Let's take a step back and realize that relative to how long programming has been around, pull requests are indeed a new addition to the table. People have created software long before this tool existed, and some still go without them. Of course, these small little bubbles of text and nicely rendered code diffs are solving an issue.

My goal by writing this post is telling you that like any other tooling, a premature use of a solution to a problem that you do not have can turn back to bite you. And that pull-requests are also just that - a tool - nothing more. The same way you would not bring an is-prime dependency to your project unless you need the functionality, you shouldn't deploy pull requests by default just because they exists.

When does it make sense to use it?

I can not go through the comprehensive list of every time it does make sense to use pull requests as that list would be a long one.
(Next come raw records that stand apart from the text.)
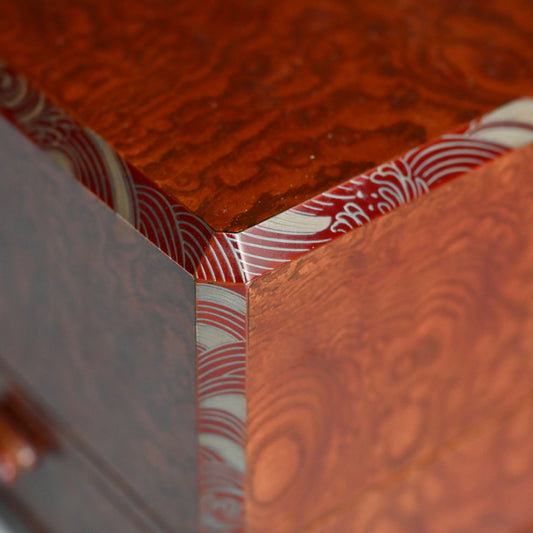 Unusual Lacquered Wood Suzuri-bako Writing Cabinet ー藤井 伊三吉 “日月雲杢硯箱”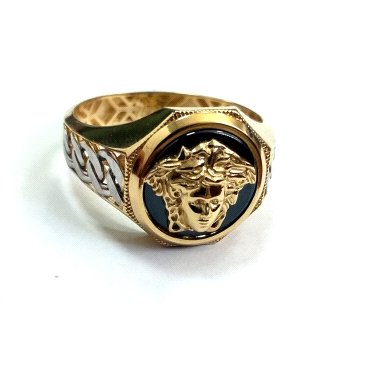 SELLO CABALLERO ORO BICOLOR PIEDRA                                    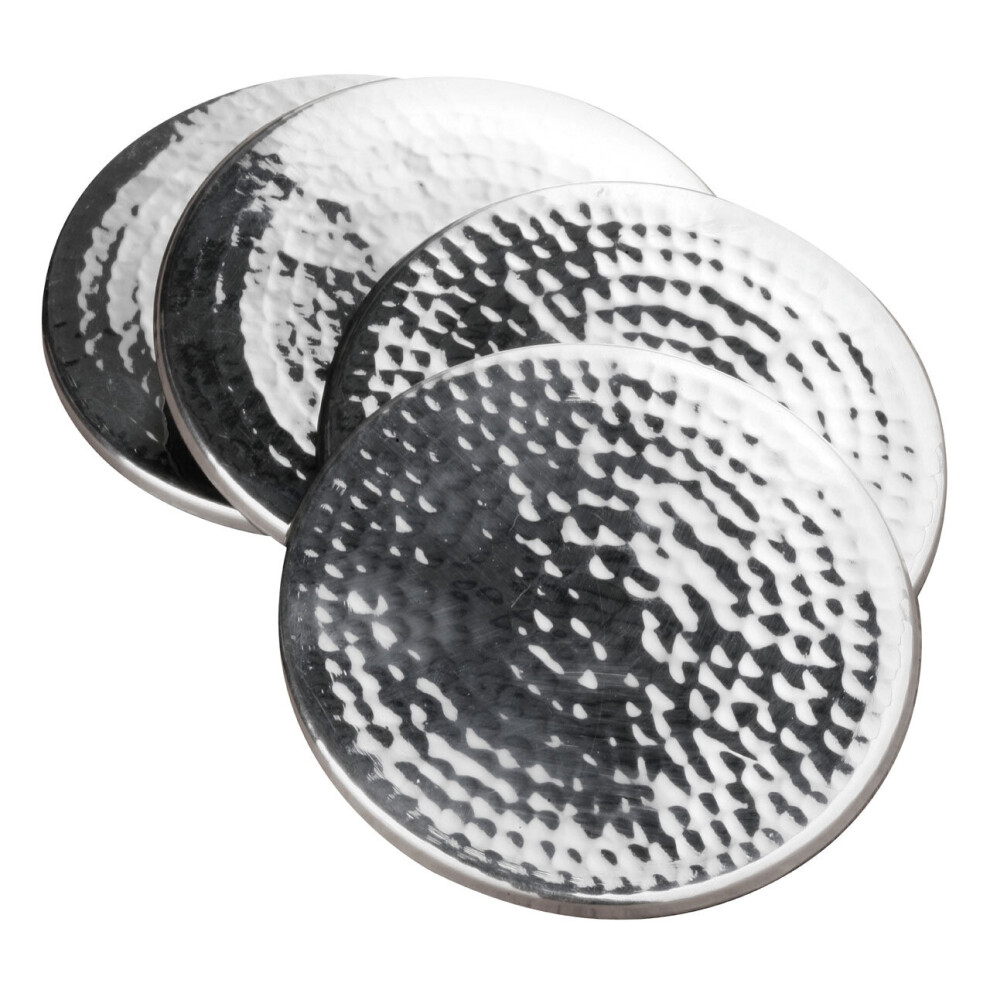 Premier Housewares Hammered Effect Stainless Steel Coasters - Set of 4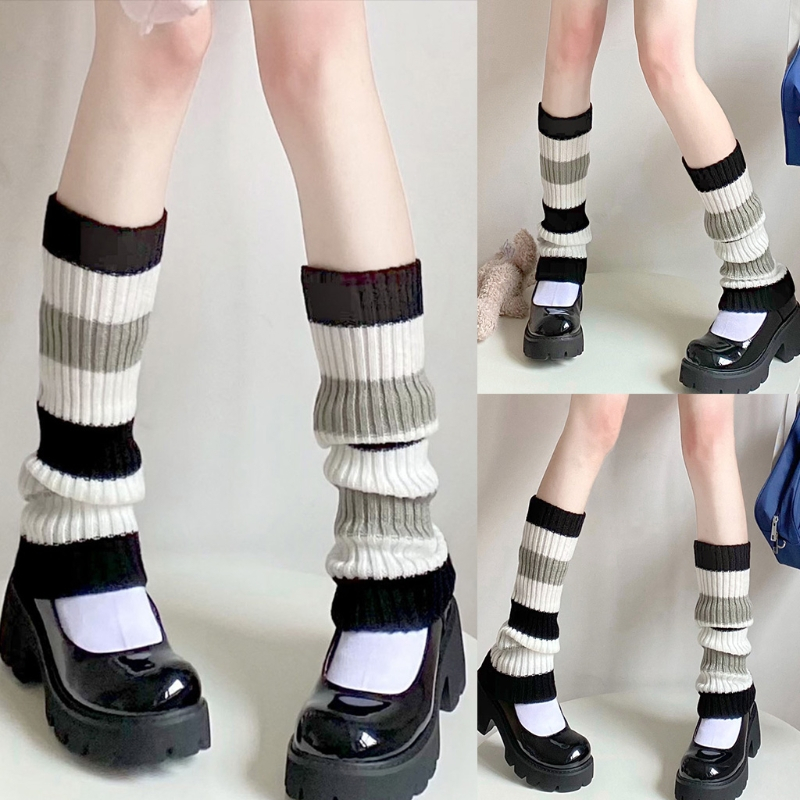 ITSHOPING - Kaos Kaki Panjang Penghangat Betis Motif Salur Japanase Style Leg Warmer Cute  Gothic Harajuku Style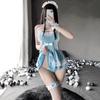 Cosplay Maid Erotic Extreme Cute Blue White Maid Cosplay Innocent Style One Piece Baby Doll Temptation Women Adult Costume Christmas Day Anniversary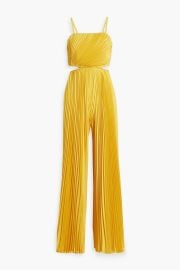 Alice Olivia Powell pleated Cutout satin wide leg jumpsuit at The Outnet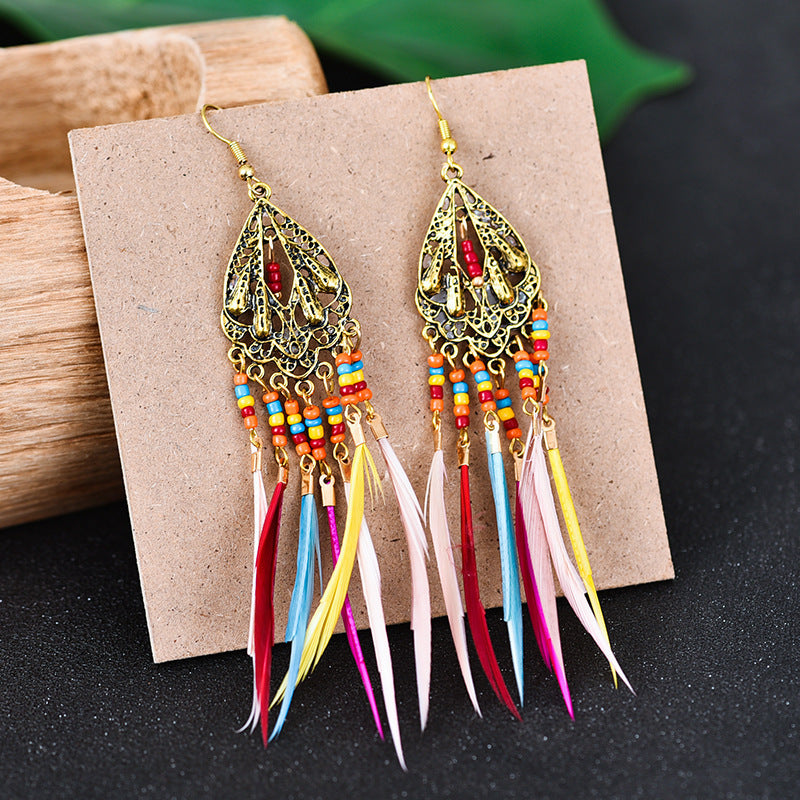 Wholesale Vintage Slender Feather Earrings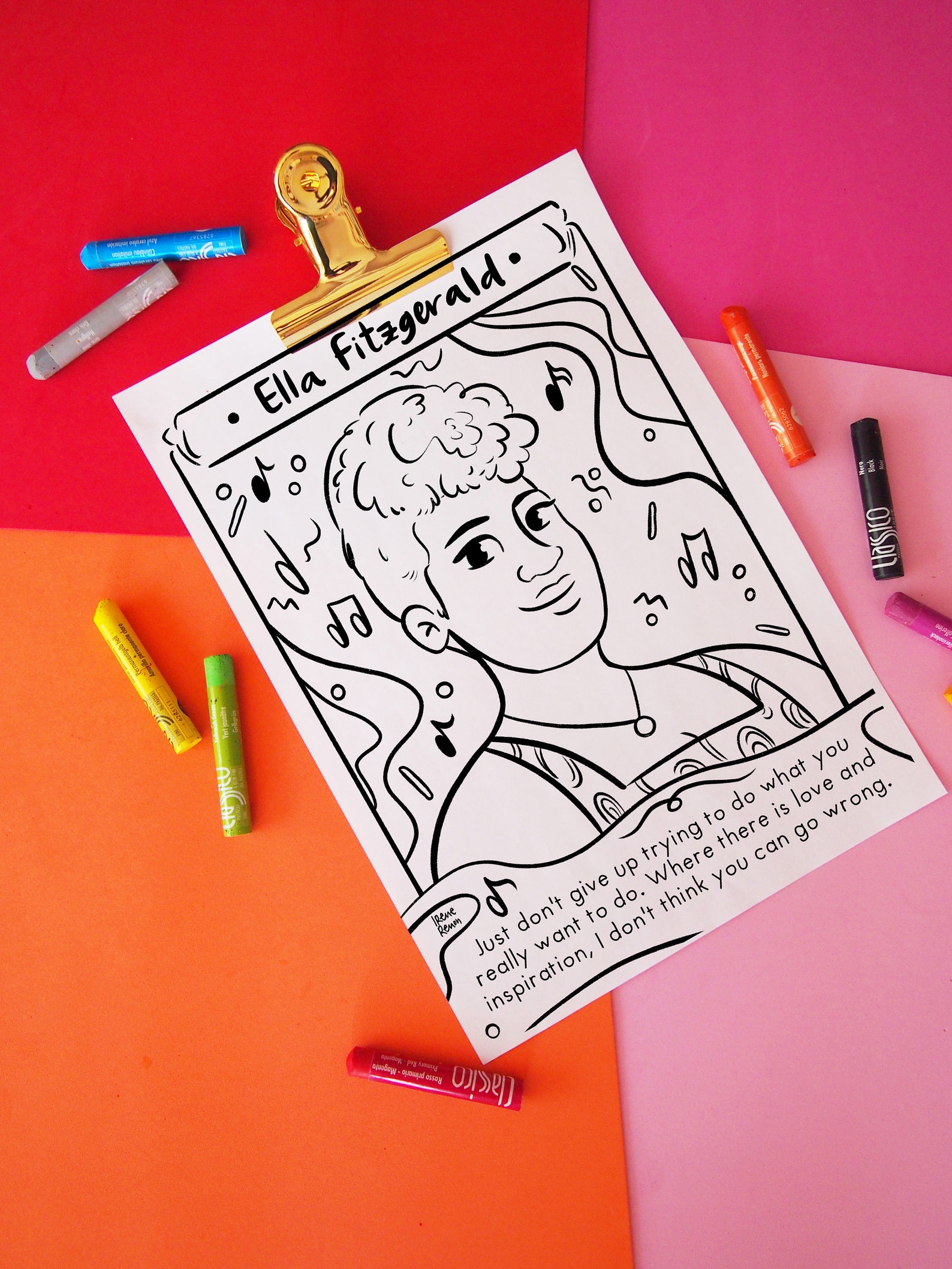 Ella Fitzgerald Coloring Page Jazz Icon Educational Printable Art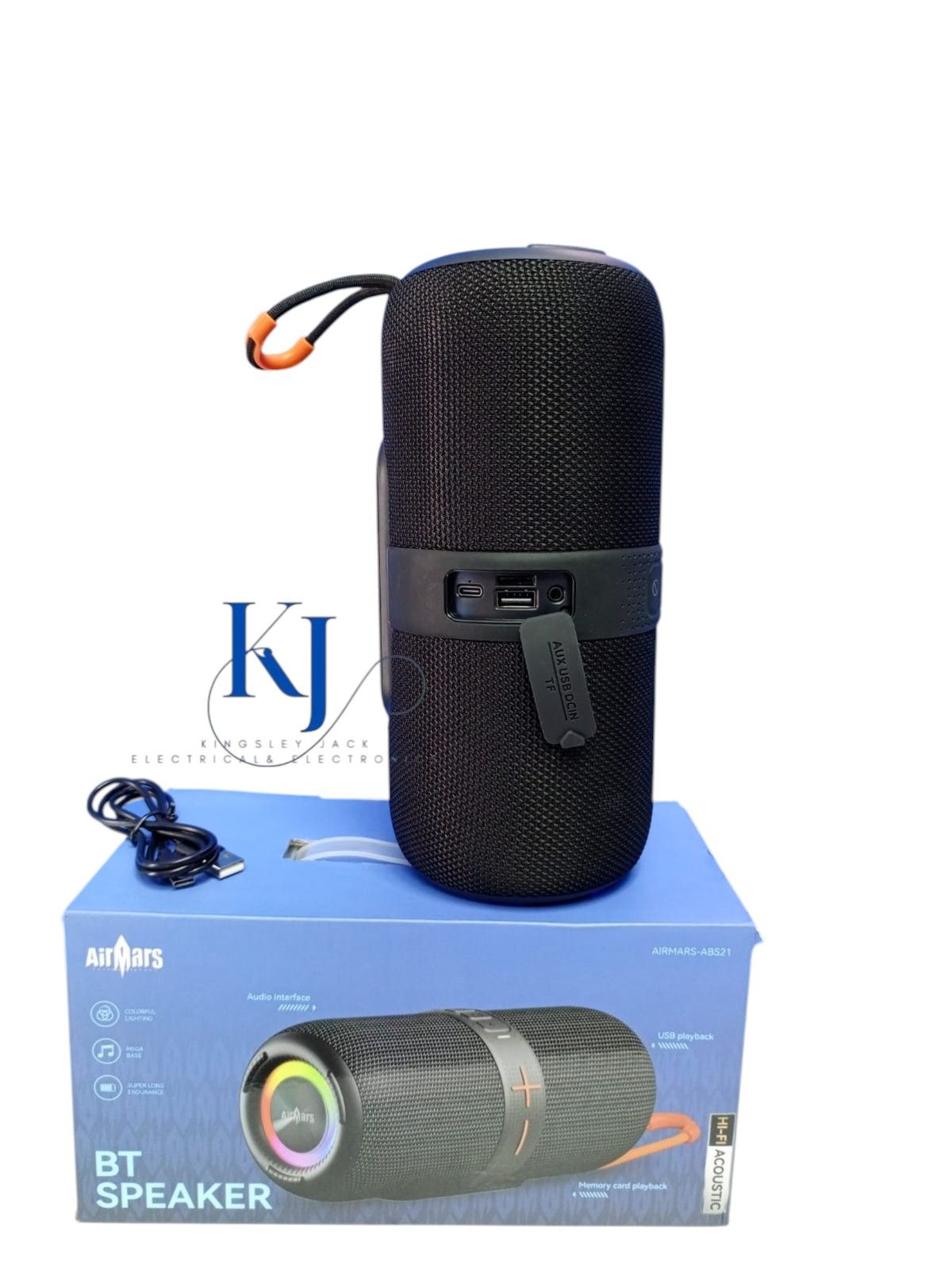 AIRMARS-ABS21 BT SPEAKER V5.3 |HI-FI ACOUSTICS | COLORFUL LIGHTING | MEGA BASS | SUPER LONG ENDURANCE | MEMORY CARD PLAYBACK | USB PLAYBACK | AUDIO INTERFACE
But if I was forced to describe most items on that list with as little word as possible, it would be:

When your codebase is not split up into proper modules. Or when person/module ratio is high.

And historically pull requests do exist to create a queue of concurrent changes being made to the same piece, of course as soon as a merge happens, other might have to resolve merge conflicts. This goes as far back as to the grandfather of pull requests. The mailing lists filled with git patches.

But every minute spent on rebasing to resolve merge conflicts is a wasted engineering hour, and you ideally want to setup and environment that reduces that as much as possible.

Using pull request is similar to wrapping the entire repository in a Mutex.

What else can we do?

Use a Vec<Mutex<CodeScope>> instead of a single Mutex. And what does that mean?

Setup your project properly in the beginning. Treat different root directories as different modules in the code. Define the borders and what visible unit each module will encompass.

This way you can have scopes in the codebase that can be implemented internally however you want, as long as they meet a pre-defined interface. Let your module B import x from A, even if x is not implemented yet.

This way you can now give out ownership of these modules to different people. And that is easier when the people/module ratio is low. The more modules you have to give to people, the more sparse the code ownership matrix you have, the easier this becomes.

Now, the question is do you trust your team members or not? If not, ...well... you shouldn't have hired them. But if you do, you just let everyone do their job simultaneously, now there is more than one Mutex that can be locked at a time. Resulting in less synchronization and less CPU cycles wasted waiting to acquire the hold on the codebase.

What about code review?

Peer programming, periodic reviews can help. Also personally I am more in favour of periodic code audits rather than one PR at a time review processes.